Good Morning Members, 

I have some vintage Spring Water bottles that I could use your expertise on to put a value on. The blue tinted bottles are Great Bear Spring Water, and the one to the right is Pine Hill Mountain Spring Water. There is a larger, unmarked on in the back and a smaller lined one as well.
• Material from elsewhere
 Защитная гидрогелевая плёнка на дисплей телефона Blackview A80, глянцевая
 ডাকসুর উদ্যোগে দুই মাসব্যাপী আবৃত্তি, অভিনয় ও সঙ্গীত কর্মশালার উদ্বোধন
Any help is greatly appreciated.


----------



## Ironman611 (Aug 9, 2019)

Nobody?


----------



## sandchip (Aug 9, 2019)

I wish I could be of some help, but I don't know a whole lot about them.  The tops make me think later in age though.


----------



## CanadianBottles (Aug 9, 2019)

I think they're pretty recent as well.  I don't know if these sorts of bottles are particularly collectible or not.  I imagine the space they take up must mean that there aren't too many people who collect them.  I've seen some people on here who have a few of the older ones in their collection, but these don't look that old - I'm thinking 70s or so as a rough guess.


----------



## coreya (Aug 11, 2019)

Some of These used to get some good money but as with most collectables there are ups and downs. The unmarked ones might get 5-10 from someone who wants a big piggy bank, made in mexico ones I wouldn't give a dime for and recycle. The ones with embossing on them need better pics of the bottoms and wording.


----------



## hemihampton (Aug 11, 2019)

Any city or state names on them. I collect the smaller 1/2 gallon 64 oz'ers from Michigan. LEON.


----------



## American (Aug 14, 2019)

Good for making your own wine or beer.


----------